Ask the Geek: Backing up


Adam Darack is the IT administrator for the town of Edgartown. He will be writing regularly about the technological issues facing Island business owners. Got a question? Send it to with the subject line “Dear Geek.”

Dear Geek,

I need to back up files on my computer to a memory stick. My problem is that I am always rushing to get work done, and sometimes I back up, and sometimes I don’t. So now I am in a position that I have to go through hundreds of files and folders and sort out ones that are backed up from ones that are not. It probably would be easier just to start from scratch. I know when backing up, you have the option to replace if the file has already been saved. However, this is very time-consuming. Is there a quick and easier way to sort this out without having to save everything, then go through it all and remove ones that I don’t want, or go through them one by one to save?

Thank you,

Saving Grace


Dear Grace,

Thanks for writing in; this is something I am asked about more than anything else. Luckily, backing up can be easy and automatic, so you don’t have to remember what you have or haven’t backed up, or where you last left your flash drive.

The method of backing up onto a flash drive can work if someone is diligent about doing it routinely.
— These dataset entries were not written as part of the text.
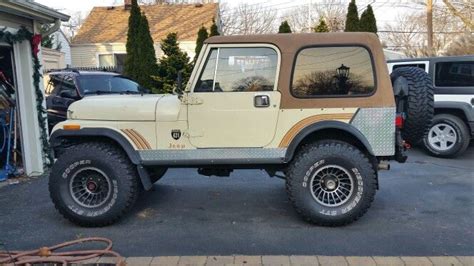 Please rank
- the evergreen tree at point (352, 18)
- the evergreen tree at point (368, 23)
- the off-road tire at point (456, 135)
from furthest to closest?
the evergreen tree at point (352, 18) → the evergreen tree at point (368, 23) → the off-road tire at point (456, 135)

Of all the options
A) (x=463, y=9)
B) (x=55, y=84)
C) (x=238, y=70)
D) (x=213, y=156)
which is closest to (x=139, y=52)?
(x=55, y=84)

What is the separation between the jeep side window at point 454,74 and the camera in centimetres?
797

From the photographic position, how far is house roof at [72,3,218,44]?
22.9 meters

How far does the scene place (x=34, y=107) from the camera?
7359 millimetres

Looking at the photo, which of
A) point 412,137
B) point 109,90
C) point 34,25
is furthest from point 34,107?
point 412,137

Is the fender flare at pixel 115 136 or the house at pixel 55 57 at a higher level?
the house at pixel 55 57

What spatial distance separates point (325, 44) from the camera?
4598mm

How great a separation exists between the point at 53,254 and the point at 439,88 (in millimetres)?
7380

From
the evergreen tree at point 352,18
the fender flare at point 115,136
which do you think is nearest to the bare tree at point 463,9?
the evergreen tree at point 352,18

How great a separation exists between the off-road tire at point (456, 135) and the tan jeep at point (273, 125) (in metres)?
3.89

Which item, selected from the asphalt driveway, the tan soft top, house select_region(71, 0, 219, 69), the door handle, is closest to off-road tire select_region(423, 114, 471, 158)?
the asphalt driveway

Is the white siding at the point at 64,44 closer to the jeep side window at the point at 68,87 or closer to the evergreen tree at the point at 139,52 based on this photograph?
the evergreen tree at the point at 139,52

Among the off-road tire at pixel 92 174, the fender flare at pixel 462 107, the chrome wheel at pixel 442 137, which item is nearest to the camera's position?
the off-road tire at pixel 92 174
In reality, though, that doesn’t often happen, as we’re all pretty busy, so you are in good company. But what’s worse than forgetting to back up is remembering, only to then lose the flash drive. I’ve seen it happen, and just the possibility of that scenario is enough to eliminate it from being my preferred backup method.

The cloud is going to be your friend with regards to backing up. Start fresh, don’t worry about what you’ve already stored on a flash drive. Wipe the virtual slate clean. Online storage is cheap, so better off backing up too much than not enough. I’ve seen some online storage companies come and go, but one that has been around forever that I typically recommend is called Carbonite. (I will admit the attraction of the “Star Wars” reference, and how it froze Han Solo in “The Empire Strikes Back” long enough to be thawed in “Return of the Jedi”; it got me curious enough to test the product a long time ago.)

Carbonite costs $60 a year and provides unlimited storage from your home computer. There are business offerings as well, but for most people, the plan I mentioned is the appropriate one. There is a program to download once you have set up your account, and pretty much the rest is automatic. It backs up your files, and when a file is modified, it automatically backs it up again. This applies to photos as well, not just standard computer files. Multiple versions of each file are retained on their servers, which can be handy if you are working on a file, mess up something big (that’s happened to me), or when you want to start over from a previous date or point in time.

Once files are backed up, you can log into the Carbonite website to access your files from a different computer or mobile device. You might not need to do this very often, but I can assure you of something from my tech experiences: When you can’t access your important files any other way than this, it’s worth its weight in gold, and always comes with a huge sigh of relief.

There are different backup companies out there (iDrive, Mozy Home, etc.) but I have more experience with Carbonite than with these others, and I always recommend products I know and use over how others might sound in theory.

Hope this helps, and thanks again for writing in!